Certainly, one could claim that Jack Kirby is responsible for these less-than-stellar X-Men tales. However, if Stan Lee wants to claim that he wrote all of the classic Marvel stories, these shitty X-Men comics are part and parcel.
After turning a lot of heads in the independent comics world, Matt Fraction was brought up to the big leagues by Marvel, and he proceeded to knock everyone’s dicks in the dirt with phenomenal runs on Immortal Iron Fist and Invincible Iron Man. And today he’s even more of a success with Hawkeye at Marvel and Sex Criminals at Image both wowing buyers and critics alike. But there was a dark, dark time when he was handed the keys to the Marvel Mutant Mobile, and proceeded to drive it right into the Pacific Ocean. The ideas implemented during Fraction’s time on Uncanny X-Men were not horrible ones, but the execution left a lot to be desired. I rather liked the concept of Utopia and he hit gold with the X-Club, in fact the standalone time travel issue featuring that group was a great issue, but his metatextual style of storytelling fell flat with the readership by and large.
If I had a nickel for every complaint I’ve heard about the snarky little text boxes, I could eventually buy a comic book. You know, ’cause they’re like four bucks now and eighty complaints is really a lot of complaints, when you think about it. It’s a shame, too, because it’s this sort of wacky touch that makes books like Sex Criminals and Hawkeye so popular, and yet it was almost universally reviled in the pages of Uncanny X-Men. I suppose you can’t blame readers for wanting to take their book about a school full of perpetual teenagers who routinely travel to space and alternate dimensions extremely seriously. I mean, a giant blue kitty cat doctor is one thing, but a little bubble referencing the fact that he’s a giant blue kitty cat doctor?
Fraction’s reputation as an X-Men writer also seems to have suffered from his collaboration with Greg Land. While Greg Land has long been a hack who traces over freeze frames of porno movies, the comics world finally seemed to get sick of his bullshit around the time that he started working on Uncanny X-Men.
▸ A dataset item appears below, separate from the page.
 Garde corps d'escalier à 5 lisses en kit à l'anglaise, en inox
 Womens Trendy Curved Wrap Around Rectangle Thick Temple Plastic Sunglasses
The recycled stock images of inexplicably smiling women and disjointed bodybuilders are not effective means of telling a story and what good is a comic if it’s painful to look upon?
All the same, while I find the most common complaints about Fraction’s turn on this book to be a bit petty, I do consider it to have been an enormous letdown. I think that Fraction has better X-Men stories in him, and I hope that he gets to tell them before he’s through with work-for-hire.
And while Fraction’s tenure on Uncanny X-Men left a lot to be desired, it was The Catcher in the Rye compared to that of his Iron Fist collaborator and erstwhile assailant Ed Brubaker. Perhaps best known for his collaborations with Sean Phillips and Steve Epting, Ed Brubaker has made a name for himself as comics’ king of moody noir. While he has proven himself capable of handling a cape and tights book on numerous occasions, he has shined his brightest on books about spies, crooks, and cops. With that in mind, the high adventure exploits of the X-Men were definitely a bit out of his wheelhouse, but to Brubaker’s credit he didn’t try and bring the X-Men into his world, so to speak. Right off the bat, he had the team whisked off into a space opera in the Sh’iar Empire. And, very ambitiously, he set out to resolve a dangling thread from a long past era of X-Books; the mystery of the third Summers brother.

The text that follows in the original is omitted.